By the way, speaking of fun, at one of the local stables, horse agility is the latest thing for older (mainly) folks and horses who love to be together but who can’t do the show jumping or whatever it was that they were good at. I’ve been writing articles about local agriculture and this story has me agog. I thought watching dog agility was fun, and cat agility was unbelievable, but horse agility is beautiful too. Reading about the fox hunting in the Seranno books brought it to mind.
Comment by elizabeth — January 18, 2014 @ 6:57 pm
Writing is a learned skill, and the learning part is deliberate–and so is the editing part. Not so much in the writing part. In the writing part you’re using the skill you learned in earlier reading and writing and thinking about the difficulties you had–and then you leap into the next story and bit by bit…it becomes natural, like walking or eating.
Way back in college I wrote a little poem (of sorts) after one of those late-night discussions college students get into. I don’t remember the whole conversation, but it turned to “What do you want most? What do you wish someone would give you?” And my mind went blank and then…by the time I was back in my room…the answer sort of dropped in, word by word, like rocks dropped deliberately in a pond.
“The things I want most
No one can give me.
I must carve them out of myself
By using them.”
I stared at the page, knowing that was true, in some way, but otherwise clueless.

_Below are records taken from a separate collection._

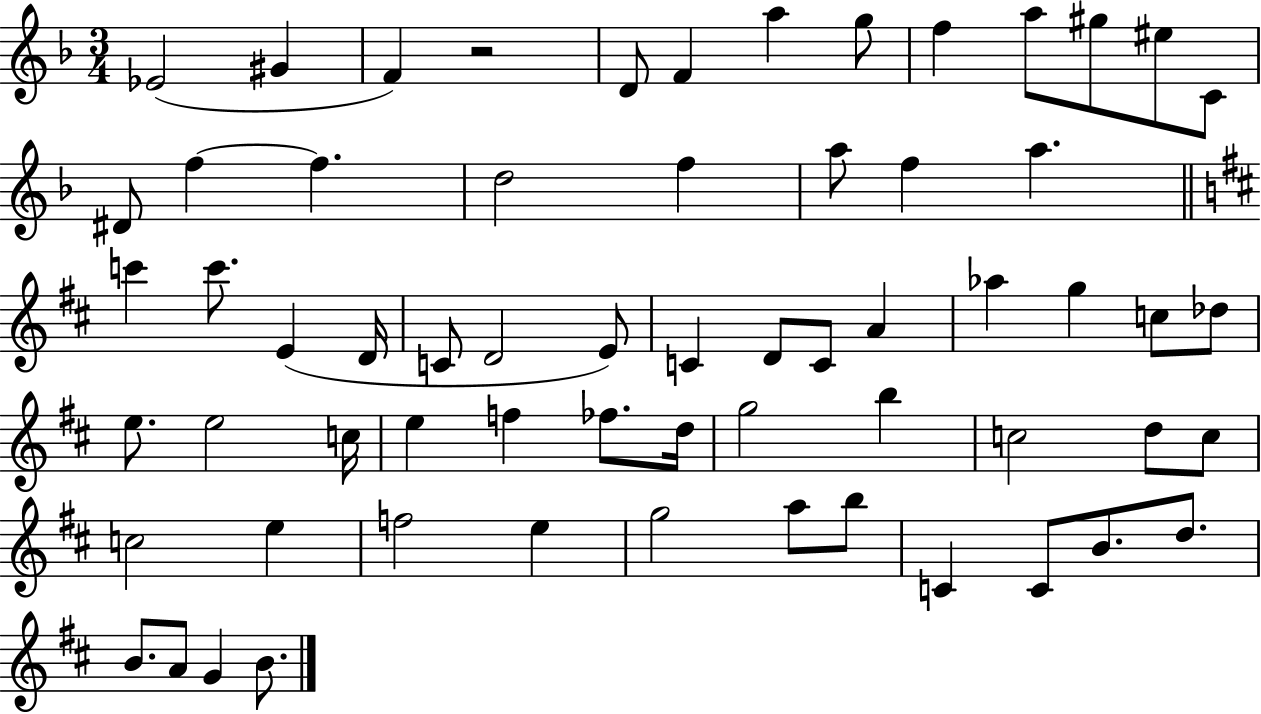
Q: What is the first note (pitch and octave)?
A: Eb4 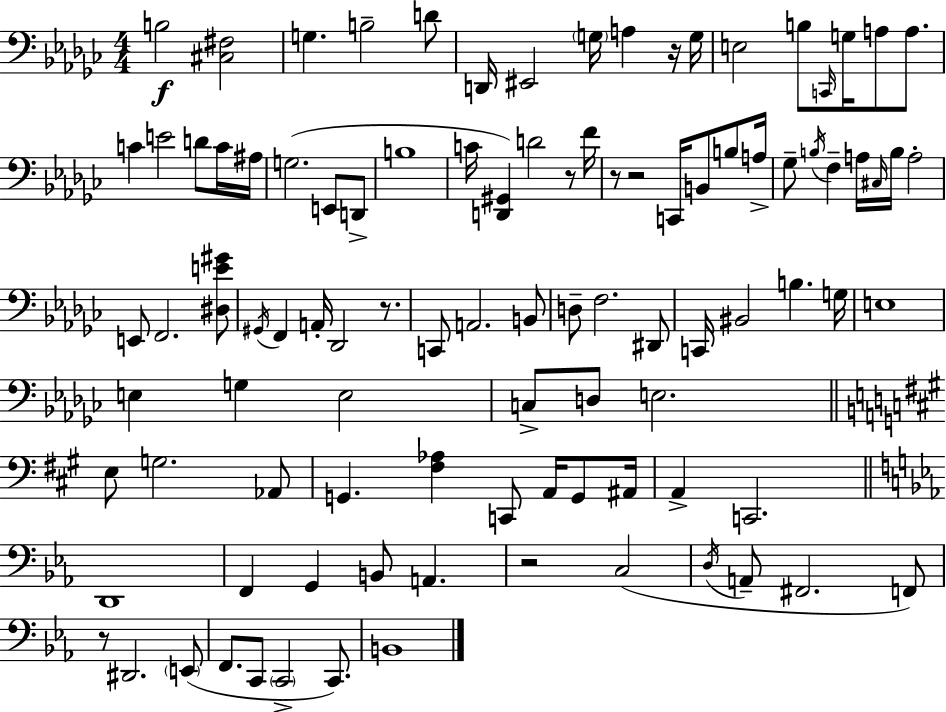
X:1
T:Untitled
M:4/4
L:1/4
K:Ebm
B,2 [^C,^F,]2 G, B,2 D/2 D,,/4 ^E,,2 G,/4 A, z/4 G,/4 E,2 B,/2 C,,/4 G,/4 A,/2 A,/2 C E2 D/2 C/4 ^A,/4 G,2 E,,/2 D,,/2 B,4 C/4 [D,,^G,,] D2 z/2 F/4 z/2 z2 C,,/4 B,,/2 B,/2 A,/4 _G,/2 B,/4 F, A,/4 ^C,/4 B,/4 A,2 E,,/2 F,,2 [^D,E^G]/2 ^G,,/4 F,, A,,/4 _D,,2 z/2 C,,/2 A,,2 B,,/2 D,/2 F,2 ^D,,/2 C,,/4 ^B,,2 B, G,/4 E,4 E, G, E,2 C,/2 D,/2 E,2 E,/2 G,2 _A,,/2 G,, [^F,_A,] C,,/2 A,,/4 G,,/2 ^A,,/4 A,, C,,2 D,,4 F,, G,, B,,/2 A,, z2 C,2 D,/4 A,,/2 ^F,,2 F,,/2 z/2 ^D,,2 E,,/2 F,,/2 C,,/2 C,,2 C,,/2 B,,4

I did realize, in a vague way, that what I wanted wasn’t “things” as in the discussion, but qualities, abilities, skills. I wanted to be a certain kind of person, doing certain kinds of things for certain kinds of reasons. Looking back, I see that I sent myself the right message, not only for a writer (because every writer must make his/her own tool-kit out of reading and writing and living), but for everything else. You learn to ride a horse by getting on the horse over and over and over. You learn to knit by picking up needles and yarn and pulling one loop through another over and over and over. You learn to play a piano, or sing, or cook, or solve equations by doing that–badly at first, but later much better. You learn to write by writing…over and over and over. Each time you are shaping your future skill by present action, and that action draws on what you’ve done before. We are–not just writers, but all of us–both the block of marble with the statue waiting to be revealed inside it, and the chisels and hammer that cut away “everything but the statue” as Michelangelo put it.
Yes, of course, accidents happen to us–some idiot drops the marble off the back of a truck, and it breaks. Some dolt decides to spray-paint graffiti on what was intended to be the face. Turns out there’s a flaw in the marble itself, something not noticed until the work is underway. Things we wanted become impossible because of something that happened, even an accident of birth (race, gender, place), so we have to come up with a new design for our lives. It’s happened to me, for sure. But still. Whatever you want to be, practice it. Works for writing. Works for singing. Works for any skill, including the ones labeled virtues. And eventually, the work becomes habitual, natural, just the way you are. (How long “eventually” takes I don’t know, since I’m not there yet. But I do have stretches of being “in flow” when I’m not thinking *about* writing while writing the story.)
Comment by GinnyW — January 19, 2014 @ 12:13 pm
It is the learned skill part that makes writing stories (as you do) different from daydreaming or telling yourself a bedtime story (which I do). That, and the conviction that your stories have meaning for other people too.
I am still processing on the complex relationship between protagonist and main plot line. Thank you for the cogent response to a difficult question.